Records for the task -
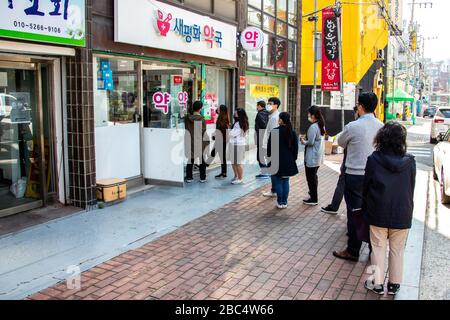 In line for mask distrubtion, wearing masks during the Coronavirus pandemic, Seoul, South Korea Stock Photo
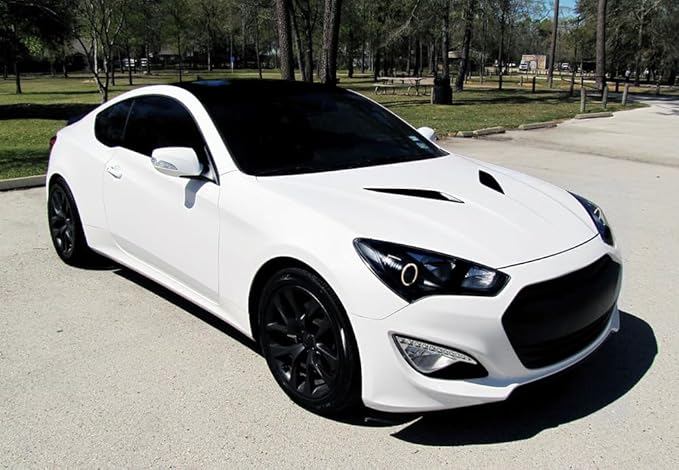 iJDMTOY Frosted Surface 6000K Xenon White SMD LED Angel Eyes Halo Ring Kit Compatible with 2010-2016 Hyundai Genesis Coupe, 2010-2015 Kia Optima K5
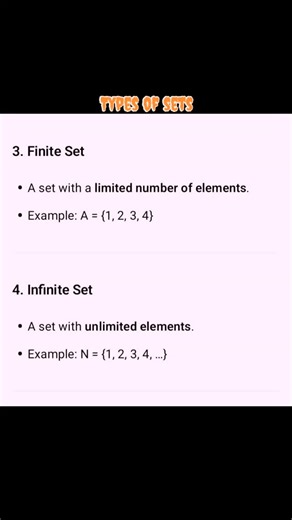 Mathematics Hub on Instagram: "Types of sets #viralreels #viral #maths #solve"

==

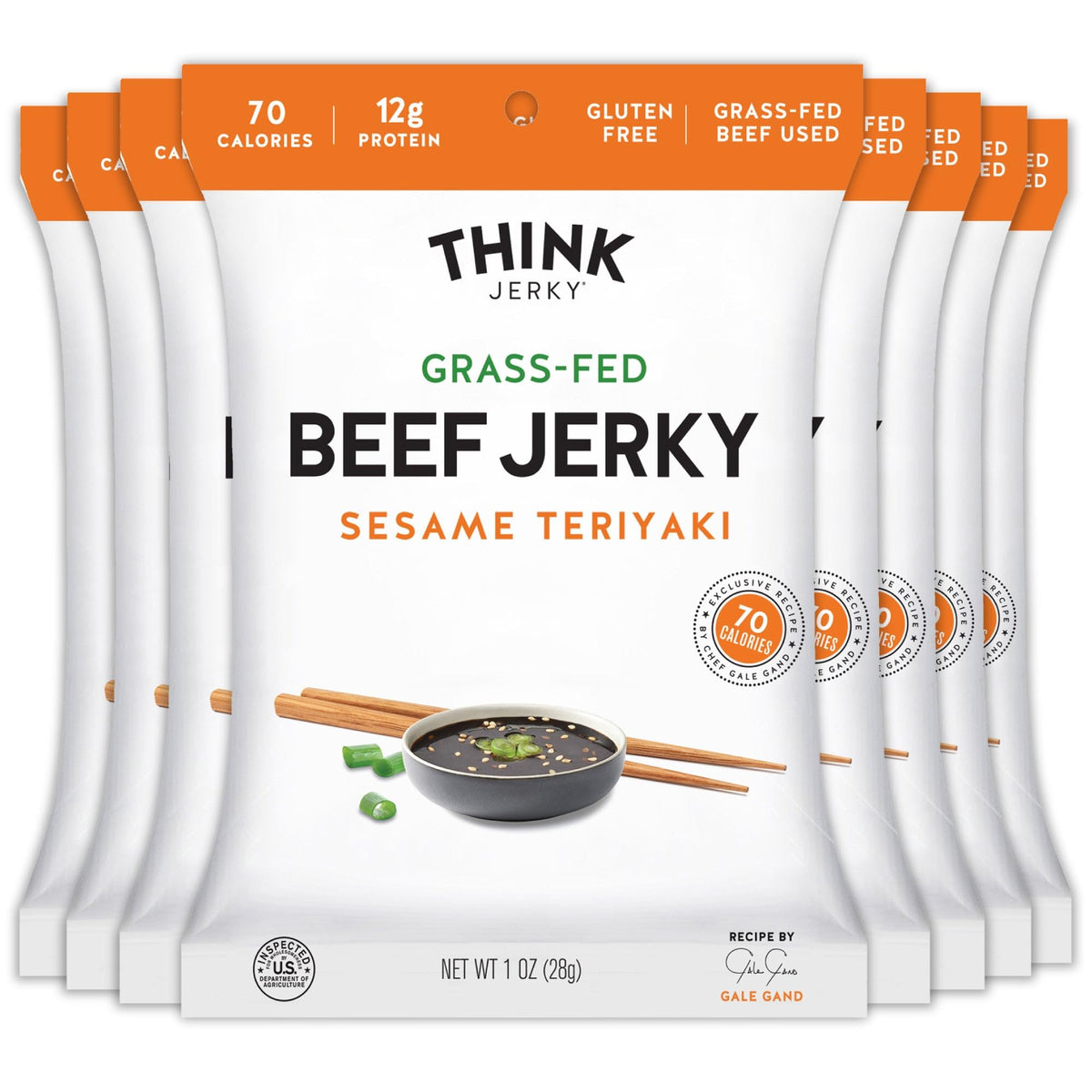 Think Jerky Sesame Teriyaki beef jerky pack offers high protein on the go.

...

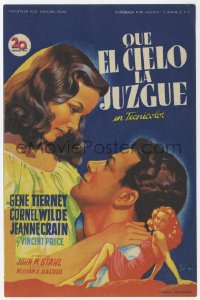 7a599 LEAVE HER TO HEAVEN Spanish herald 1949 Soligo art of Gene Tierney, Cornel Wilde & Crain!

Your goal - Nothing but the lines from the one with "In line for" to the one with "Mathematics Hub on" above, both included, should be transcribed, exactly and without pictures.

Reply to the task -
 In line for mask distrubtion, wearing masks during the Coronavirus pandemic, Seoul, South Korea Stock Photo
 iJDMTOY Frosted Surface 6000K Xenon White SMD LED Angel Eyes Halo Ring Kit Compatible with 2010-2016 Hyundai Genesis Coupe, 2010-2015 Kia Optima K5
 Mathematics Hub on Instagram: "Types of sets #viralreels #viral #maths #solve"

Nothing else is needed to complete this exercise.